Search in a Binary Search Tree (BST) Editorial

Practice Problem Link: Search in a Binary Search Tree (BST)

Please make sure to try solving the problem yourself before looking at the editorial.

Problem Statement

Given the root node of a binary search tree and a key, return the subtree rooted at the node containing the key. If it does not exist, return null.

Note: The tree contains only unique values.

Approach

Traverse the given BST recursively and for each node:

• If the node is equal to the key then return the node.
• If the node is greater than the key then the key must be in the left subtree. Recursively call the left subtree.
• If the node is smaller than the key then the key must be in the right subtree.

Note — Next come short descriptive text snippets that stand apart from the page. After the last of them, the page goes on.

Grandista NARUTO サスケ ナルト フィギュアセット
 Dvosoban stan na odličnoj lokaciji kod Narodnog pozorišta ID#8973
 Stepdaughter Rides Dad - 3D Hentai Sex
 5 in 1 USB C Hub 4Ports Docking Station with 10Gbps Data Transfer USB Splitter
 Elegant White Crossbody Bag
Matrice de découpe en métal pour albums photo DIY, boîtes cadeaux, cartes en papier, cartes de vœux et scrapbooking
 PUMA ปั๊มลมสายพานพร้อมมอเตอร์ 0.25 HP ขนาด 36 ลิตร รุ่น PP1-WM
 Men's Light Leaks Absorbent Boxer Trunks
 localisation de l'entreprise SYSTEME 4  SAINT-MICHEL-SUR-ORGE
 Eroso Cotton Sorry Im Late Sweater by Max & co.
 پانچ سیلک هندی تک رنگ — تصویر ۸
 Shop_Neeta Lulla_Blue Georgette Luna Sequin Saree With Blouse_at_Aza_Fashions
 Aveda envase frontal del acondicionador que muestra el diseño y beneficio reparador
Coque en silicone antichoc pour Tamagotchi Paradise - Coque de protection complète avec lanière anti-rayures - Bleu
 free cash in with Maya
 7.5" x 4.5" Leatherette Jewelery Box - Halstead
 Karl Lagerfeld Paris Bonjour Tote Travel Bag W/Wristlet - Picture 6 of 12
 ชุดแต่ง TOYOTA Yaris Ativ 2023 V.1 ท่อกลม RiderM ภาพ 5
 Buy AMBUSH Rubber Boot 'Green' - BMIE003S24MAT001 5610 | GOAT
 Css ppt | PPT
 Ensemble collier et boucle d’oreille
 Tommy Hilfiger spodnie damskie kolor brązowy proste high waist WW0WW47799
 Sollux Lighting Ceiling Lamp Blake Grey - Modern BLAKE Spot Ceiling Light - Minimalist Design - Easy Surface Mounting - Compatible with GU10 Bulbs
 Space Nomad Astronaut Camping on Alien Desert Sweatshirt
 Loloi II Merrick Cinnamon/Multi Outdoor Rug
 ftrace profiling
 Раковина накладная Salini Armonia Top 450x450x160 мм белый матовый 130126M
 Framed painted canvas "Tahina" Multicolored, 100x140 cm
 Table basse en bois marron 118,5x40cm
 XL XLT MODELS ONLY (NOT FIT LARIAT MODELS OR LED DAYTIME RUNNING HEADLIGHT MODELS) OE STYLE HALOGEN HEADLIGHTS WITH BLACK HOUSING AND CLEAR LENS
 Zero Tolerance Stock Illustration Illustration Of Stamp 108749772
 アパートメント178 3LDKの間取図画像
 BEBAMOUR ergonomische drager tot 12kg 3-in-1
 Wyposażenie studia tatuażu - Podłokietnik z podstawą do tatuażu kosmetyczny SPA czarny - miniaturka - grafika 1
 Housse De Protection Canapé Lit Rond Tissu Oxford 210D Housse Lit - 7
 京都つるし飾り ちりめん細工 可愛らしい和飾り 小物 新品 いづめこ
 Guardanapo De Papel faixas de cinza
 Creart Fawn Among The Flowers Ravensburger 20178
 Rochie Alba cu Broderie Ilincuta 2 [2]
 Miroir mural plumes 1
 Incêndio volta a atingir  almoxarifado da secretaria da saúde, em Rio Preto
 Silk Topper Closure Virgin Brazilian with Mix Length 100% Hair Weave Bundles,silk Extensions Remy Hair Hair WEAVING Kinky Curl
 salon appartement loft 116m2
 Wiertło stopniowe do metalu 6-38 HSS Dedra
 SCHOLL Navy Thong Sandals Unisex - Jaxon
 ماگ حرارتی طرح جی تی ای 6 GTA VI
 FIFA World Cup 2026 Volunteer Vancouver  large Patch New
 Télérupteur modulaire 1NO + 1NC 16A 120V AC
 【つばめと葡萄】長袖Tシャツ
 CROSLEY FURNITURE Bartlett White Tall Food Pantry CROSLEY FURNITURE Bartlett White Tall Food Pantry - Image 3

Recursively call the right subtree.

Analysis

• Time Complexity: O(Height of BST)
• Auxiliary Space Complexity: O(1)

Implementation

C++ 

/* This is the Node class definition

class Node {
public:
    Node* left;
    Node* right;
    int data;

    Node(int data) {
        this->left = NULL;
        this->right = NULL;
        this->data = data;
    }
};
*/

Node* searchBst(Node* root, int key) {
    if (root->data == key) {
		return root;
	}
	if (root->data > key && root->left != NULL) {
		return searchBst(root->left, key);
	}
	if (root->data < key && root->right != NULL) {
		return searchBst(root->right, key);
	}
	return NULL;
}

Java

class Solution {
	/* This is the Node class definition
	
	class Node {
		public Node left;
		public Node right;
		public int data;

		public Node(int data) {
			this.data = data;
		}
	}
	*/

	Node searchBst(Node root, int key) {
	    if (root.data == key) {
			return root;
		}
		if (root.data > key && root.left != null) {
			return searchBst(root.left, key);
		}
		if (root.data < key && root.right != null) {
			return searchBst(root.right, key);
		}
		return null;
	}
}